Data block: Begin
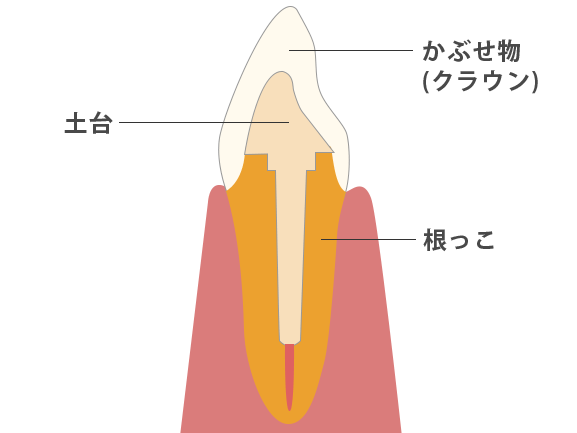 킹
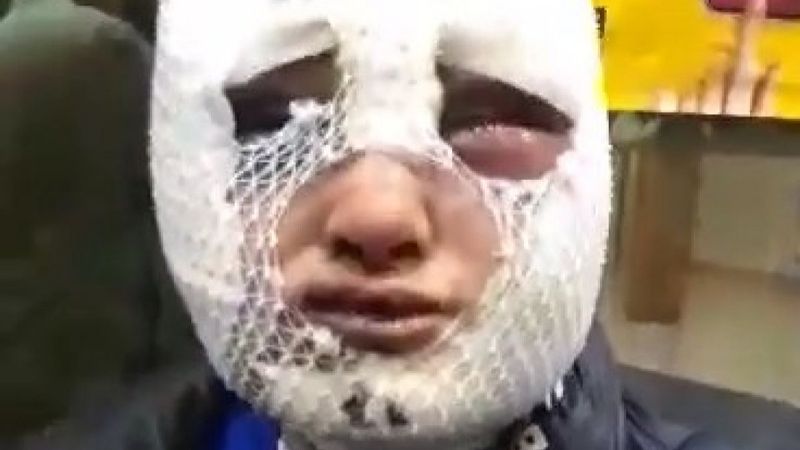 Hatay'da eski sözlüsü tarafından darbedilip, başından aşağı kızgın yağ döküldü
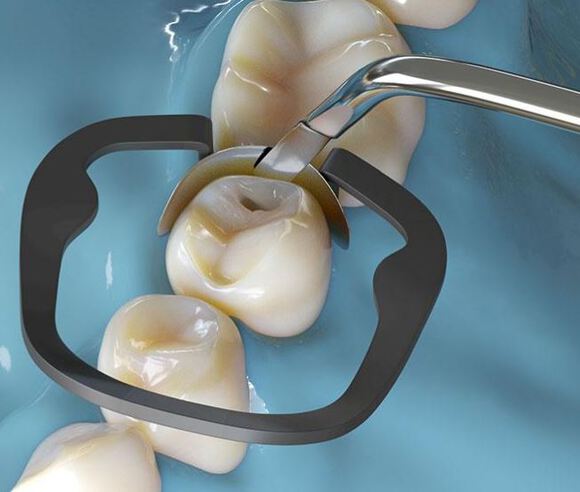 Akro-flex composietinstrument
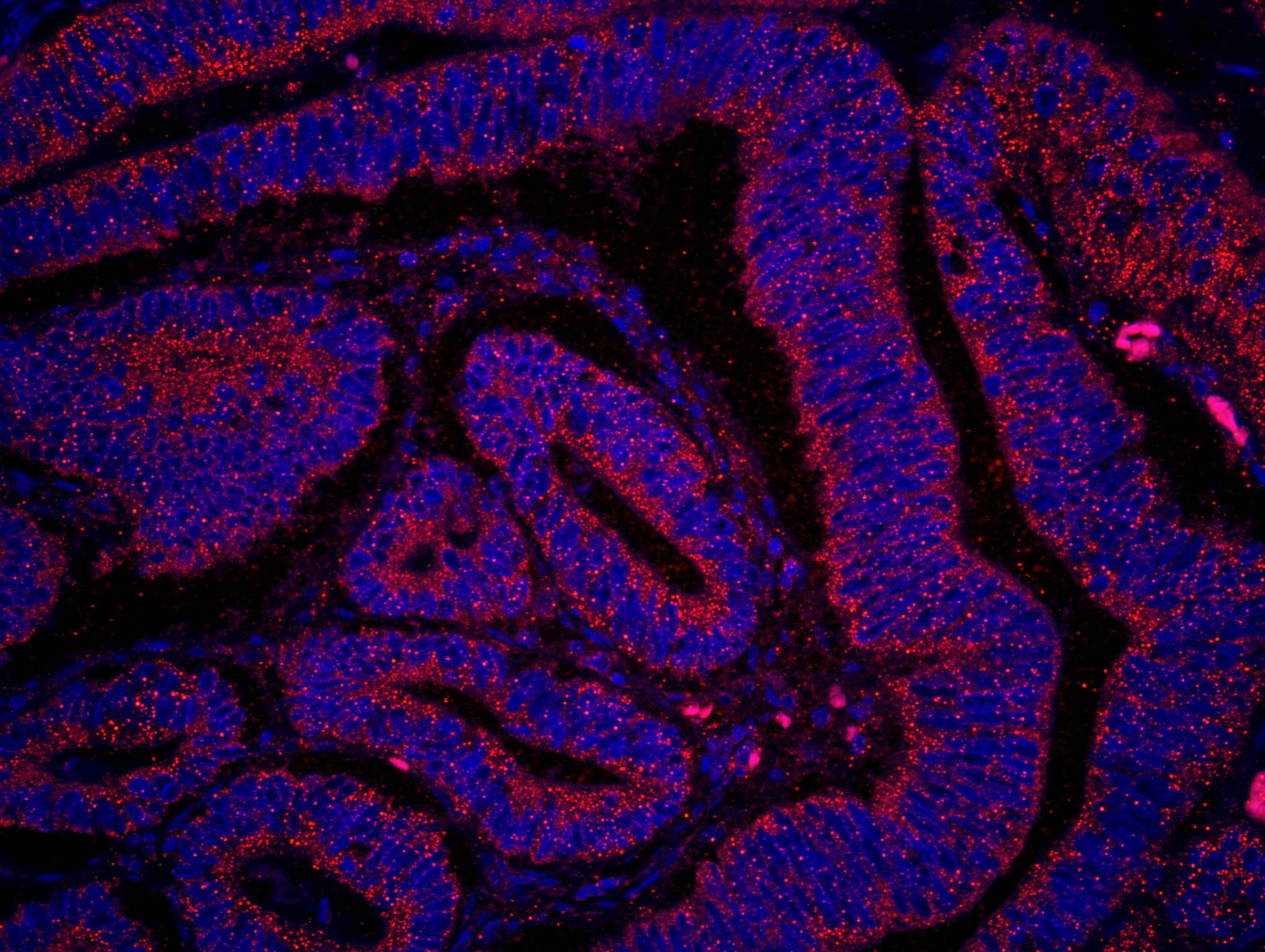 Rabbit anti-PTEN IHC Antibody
Data block: End
■ What you need to do ■
Your copy should hold only the lines from the one containing "Akro-flex composietinstrument" through the last line of the listing, both included, retyped exactly and free of pictures.

■ Finished task ■
 Akro-flex composietinstrument
 Rabbit anti-PTEN IHC Antibody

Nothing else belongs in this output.